I was just wondering the following was possible, and I found out it is, but in case other people are wondering, you can include braces in the snippet placeholder text, if you escape the right brace. Why would I want to do that? Suppose I want to use nested placeholders, to allow for optional arguments. For instance imagine a snippet like:
\foo${1:(${2:0},${3:0})}
then this will show up as \foo(0,0) with the entire (0,0) highlighted, so if I don't want it to be there then I can just press delete and continue, or if I want it I can press tab and move to editing each of the two zeros.

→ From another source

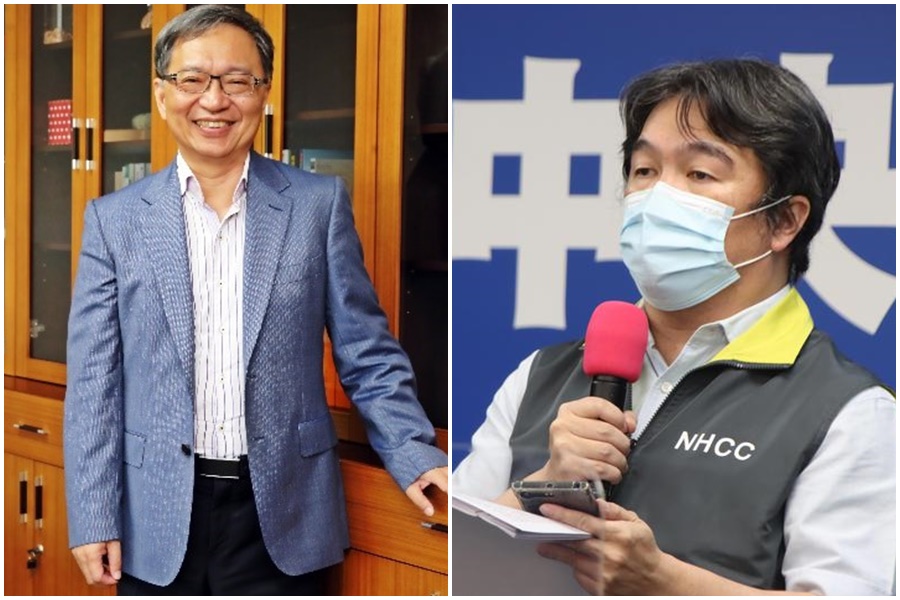 新任衛福部長薛瑞元強調會與新任防疫指揮官王必勝合作愉快。（翻攝自衛福部官網、指揮中心提供）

This works great in this case, but suppose I want *braces* instead of parentheses (as in most LaTeX commands):
\foo${1:{${2:0},${3:0}}}
As it stands, the second to last brace is matched as closing the placeholder ${1, which leaves the wrong thing highlighted . The trick is to escape it, like so:
\foo${1:{${2:0},${3:0}}}
Very nifty and useful, and not documented I think. My first impulse was to escape the corresponding left brace as well, but it doesn't need (and in fact won't accept) escaping. No sure how I feel about that, it looks asymmetric to me. But hey, it works!
I am now very tempted to change most of the sectioning commands in the LaTeX bundle to make adding labels optional, and combine the stared versions of environment with the non-stared ones.